Not everyone can "be of good cheer" 24/7. Some of us have to work at it, and I am grateful for that. I have feelings, and I am a very compassionate person, hence being emotional. Luckily, the "be of good cheer" part does come into effect after realizing how blessed I am in the things that I have. Luckily I have my children, and a few Christmas childhood memories that help me to remember that every Christmas can be filled with joy, and wonder.
My emotions come from the fact that all of our kids are growing up way too fast. It can also be that my hormones are changing as I get older! I know that this won't be Sierra's final Christmas with us, but it will probably be the last time she will literally decorate the house with us. Next year she will come home from college to an already decorated home, and all she'll have to do is eat, sleep, and play piano for us.
Still...so many of us have different reasons why we get so emotional during the Christmas season. Mine is missing family.
Family is key in my life, and with our families being in Texas, and out west it can be hard sometimes...especially during the holidays. I miss the gift exchanges on Christmas Eve wondering whether we were going to have it at our Aunt Marlynda's house in Mapleton, or my mother in laws house in Salt Lake City. I miss walking around Temple Square to see the lights. For 10 years I did that with my husbands family in Utah, and there are years when I miss that.
This year is one of them.
After watching the Christmas devotional given by the First Presidency early this morning it renewed my soul. I honestly don't know what I would do without their words of wisdom. Christmas time is one of those times I reflect back on my childhood, and I remember some of the simplest Christmases our mother made for us. I only remember a few, but the ones I remember I knew she did her best to make us happy in giving us simple & meaningful gifts.

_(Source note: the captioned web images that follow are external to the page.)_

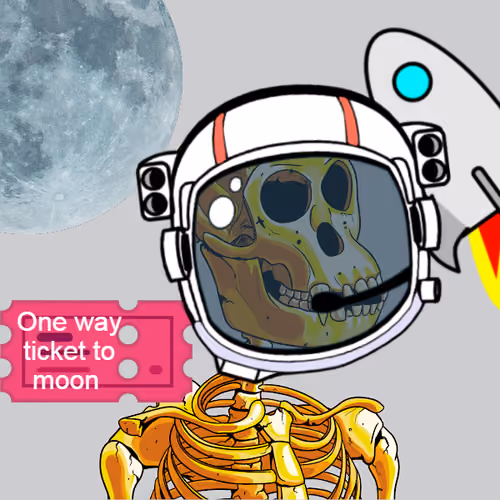 One Way Ticket To BonerMoon #1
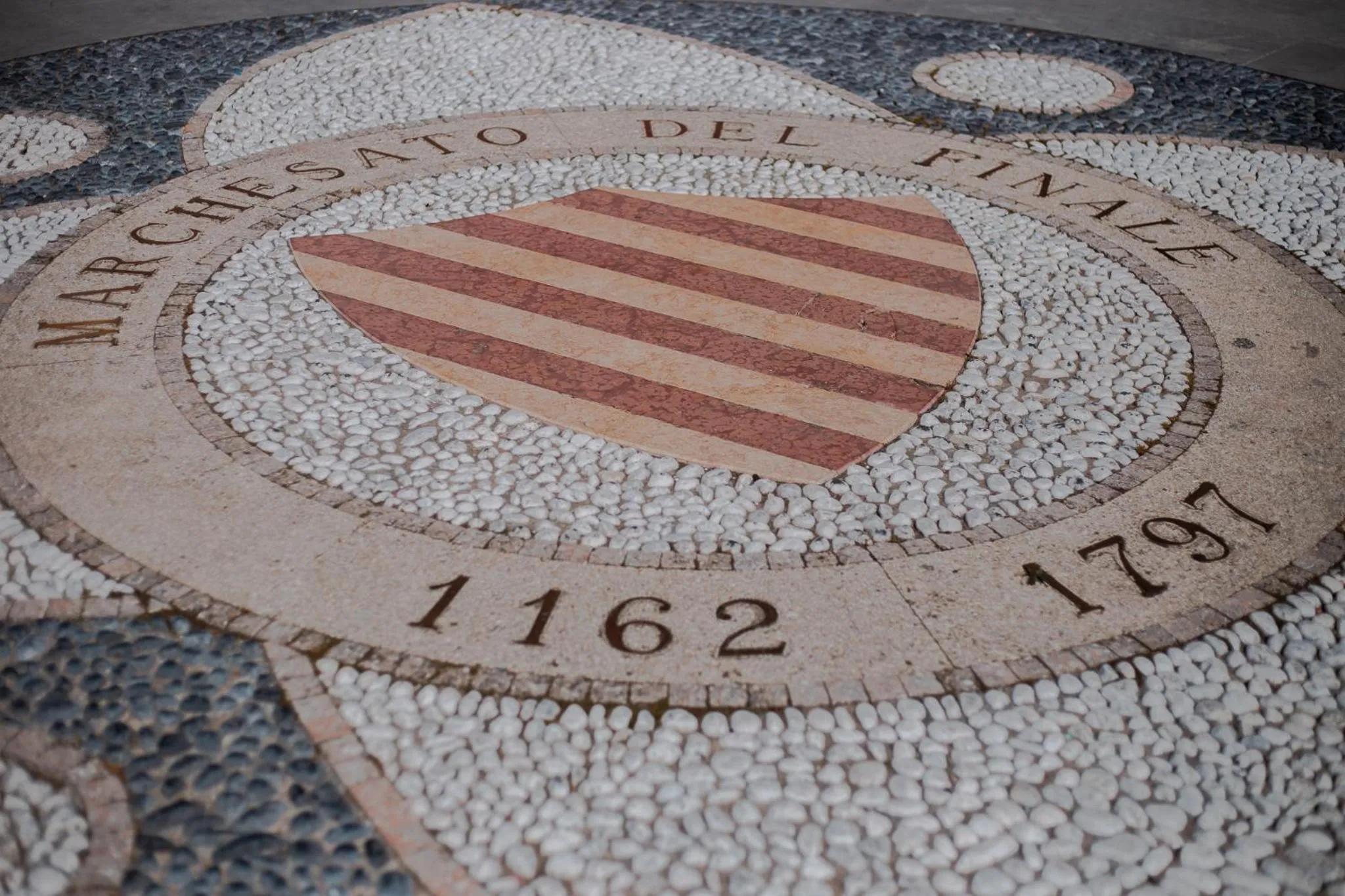 City view in Antico Pozzo Bed and Breakfast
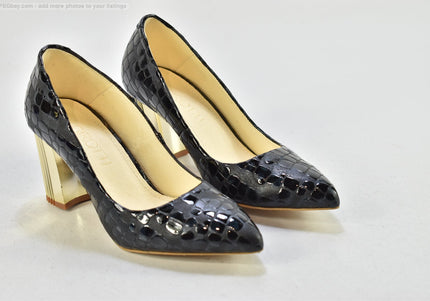 Girotti  Damen Pumps High Heels  EUR 37 Nr. 25-T 3366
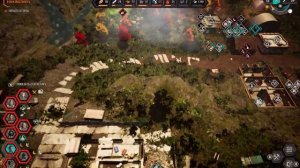 Survive the Fall - часть 8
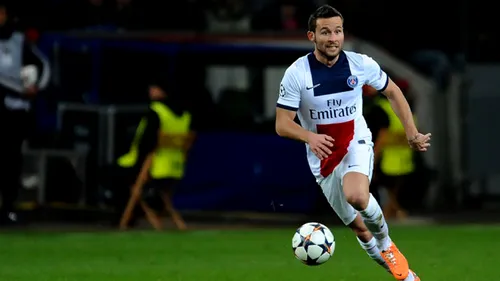 Cabaye, aproape de revenirea în Premier League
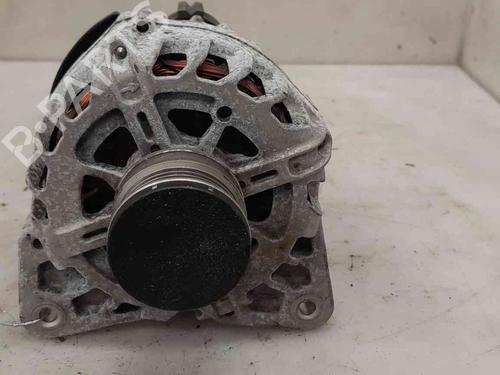 Generator DACIA SANDERO II 1.0 SCe 75 (B8JC, B8JD) (73 hp) 26628903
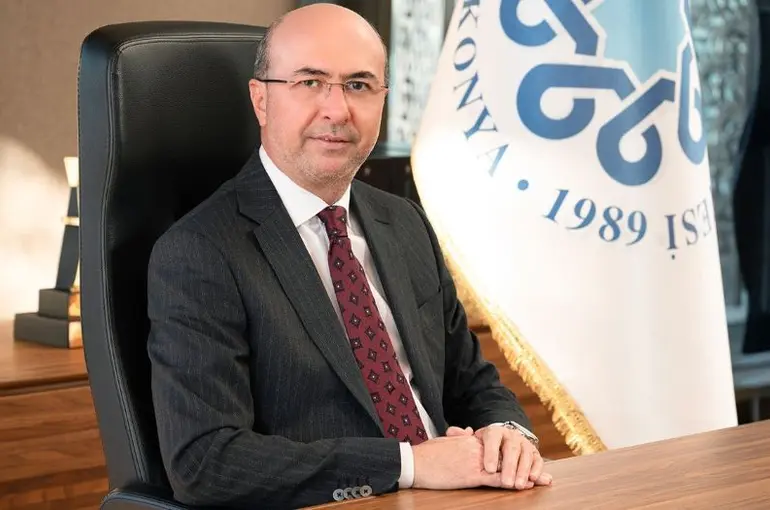 Başkan Pekyatırmacı’dan Çalışan Gazeteciler Günü Mesajı!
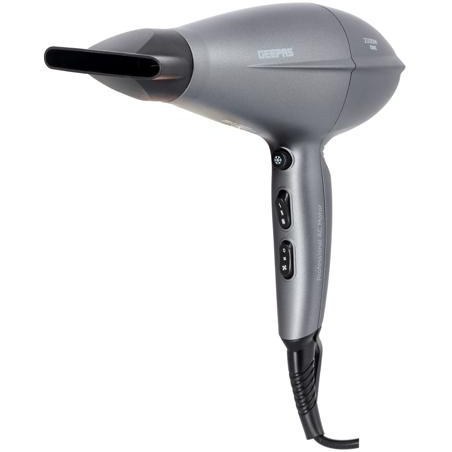 سشوار جیپاس مدل GHD86052 با موتور AC و ۲۳۰۰ وات
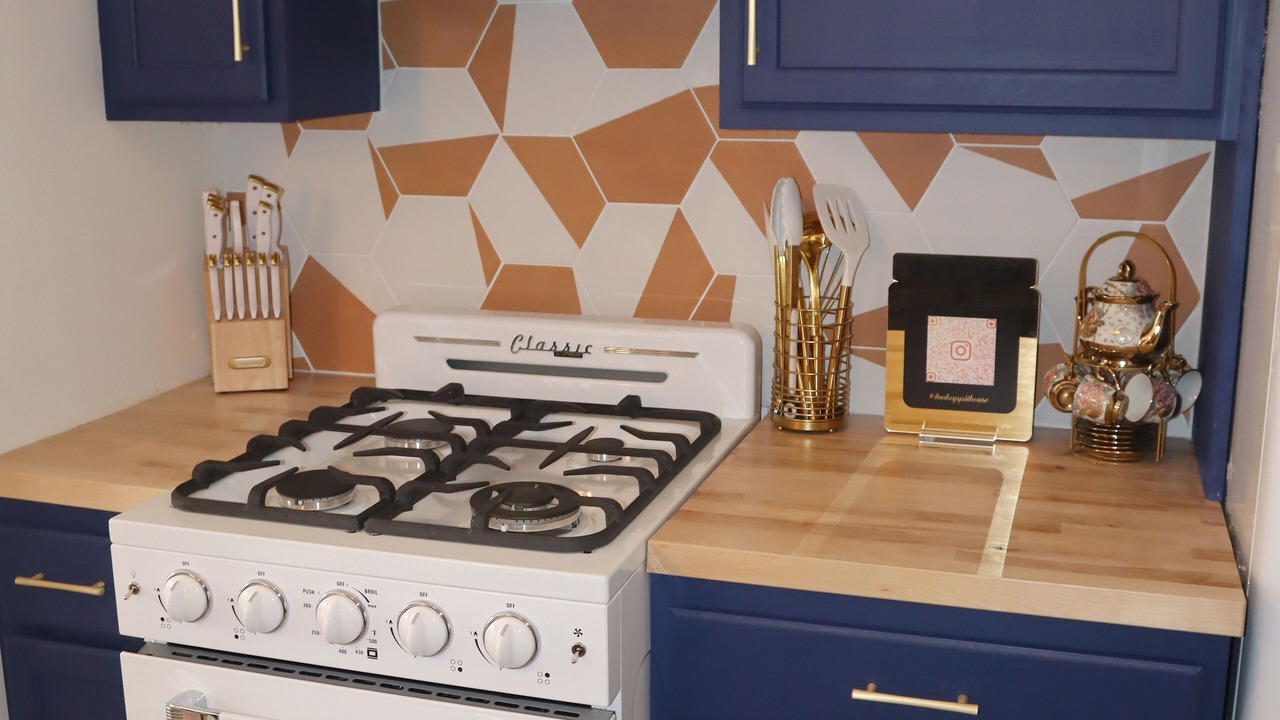 Photo of Kitchen in Country Club Hills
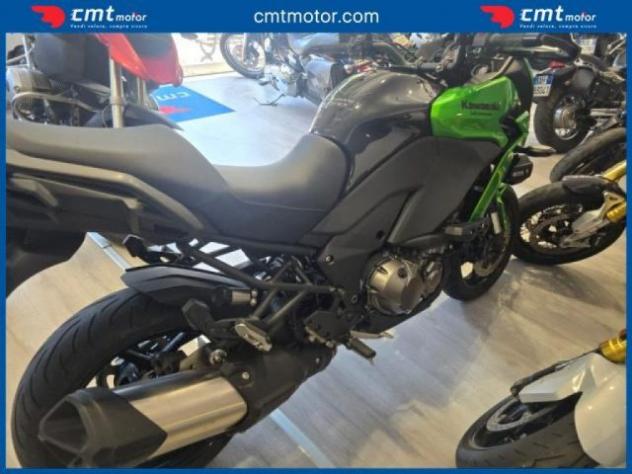 KAWASAKI Versys 1000 Garantita e Finanziabile rif. 23942400 - Foto 5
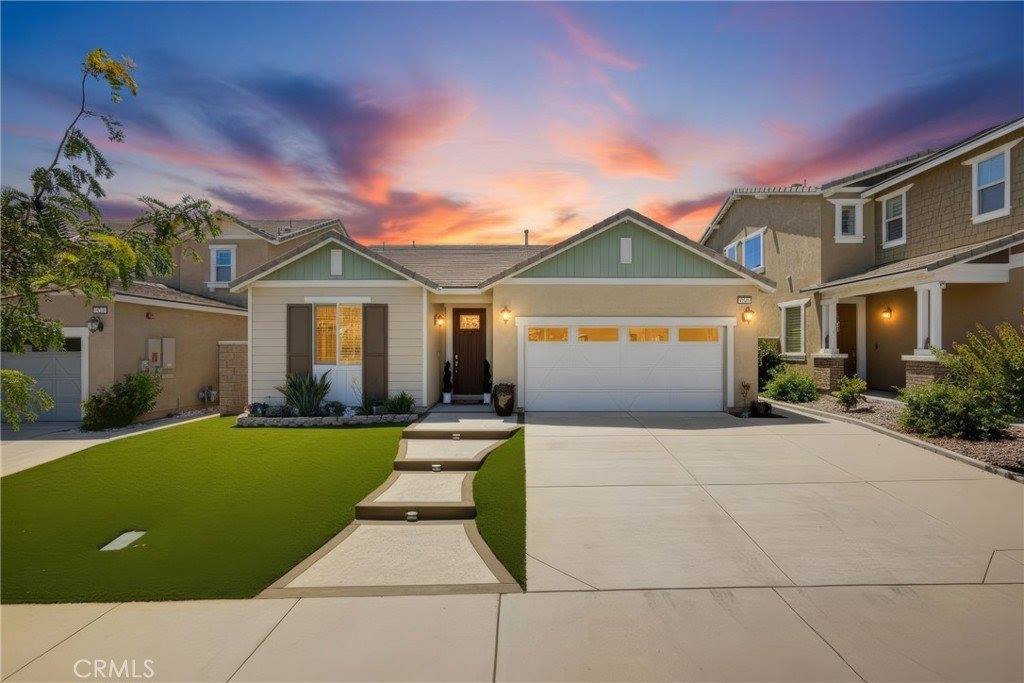 5382 Kastania, Fontana, CA 92336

I remember one year when it was just the three of us (me, my sister, and my mom) she decorated the house with things she bought at thrift stores, and put a small Christmas tree on top of a sturdy t.v. tray. She made a small tree skirt to cover the tray, & it didn't matter to me that our tree was on a tray with the gifts underneath. What mattered to me was seeing our mom happy because she made that one Christmas super special all by herself, and when you would pass by our house on Richard street...the tree looked even bigger when it was lit! I remember being the happiest little girl on the block!
I wish I had pictures to share, but all I have are memories. Memories in which to share these stories with our children. My sister and I never exchanged gifts with each other or our mother, but now that I look back...it didn't matter. I didn't get upset because gifts from extended family members weren't given to us. I was just happy to see our mother happy even if it was just for that moment, and what I remember the most is the love I received from my mother on Christmas day...not so much the gifts.
Today, and for the past 18 years I always try to make Christmas for the kids valuable. Valuable meaning joyful, and filled with love. This year is going to be even simpler than the last, and I have reminded myself that Christmas is not about the gifts...it's about the love we share as a family, and giving of our time to each other, and those we love.
No matter how emotional the holidays can get for some of us just reflect back to a happy place. Remembering some of my childhood Christmases, and those that I have had with my own family helps me to keep that joy, and wonder in my life.
Focusing on the Savior plays a significant role during Christmas, and knowing that I have Him in my life helps turn those tears of emotional sadness into joy.
Then the "be of good cheer" part comes into play.